Segment Start: Data shown

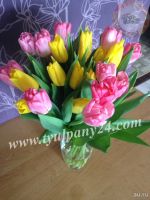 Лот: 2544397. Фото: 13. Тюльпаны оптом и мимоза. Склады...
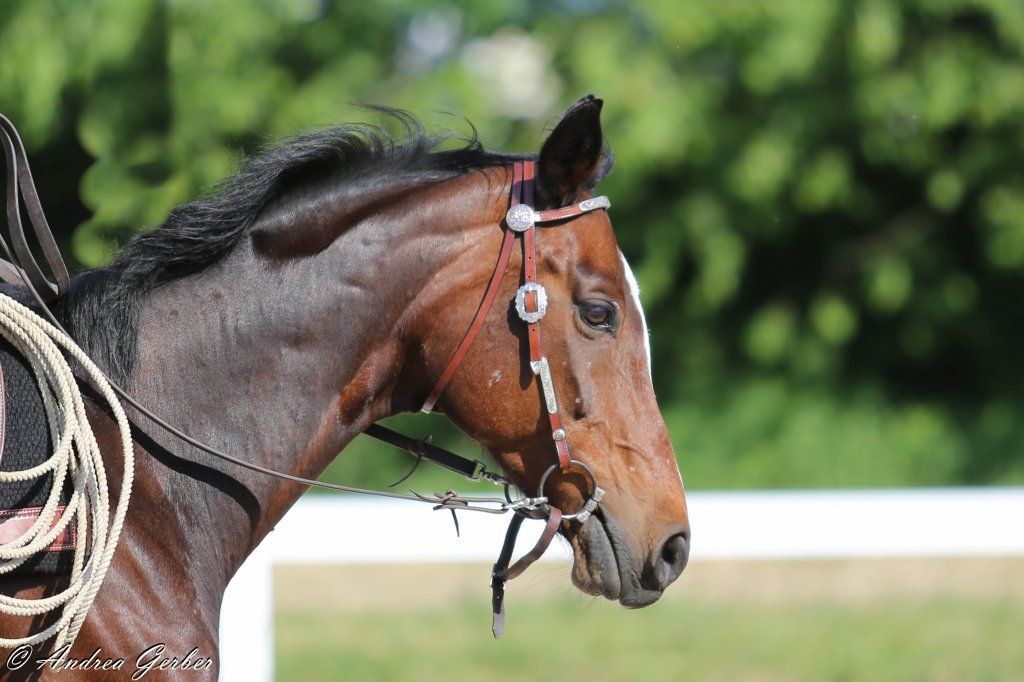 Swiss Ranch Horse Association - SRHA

Segment End: Data shown
Segment Start: Data shown

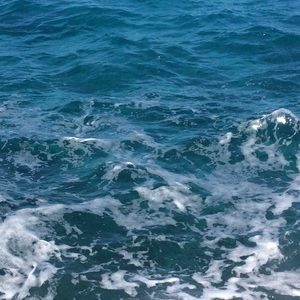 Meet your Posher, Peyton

Segment End: Data shown

▶ [Problem to solve] From the data above, retype only the lines starting with the line with "Лот: 2544397. Фото: 13." and going on through the line with "Swiss Ranch Horse Association - SRHA", exactly, leaving out the pictures.

▶ [Output for this exercise]
 Лот: 2544397. Фото: 13. Тюльпаны оптом и мимоза. Склады...
 Swiss Ranch Horse Association - SRHA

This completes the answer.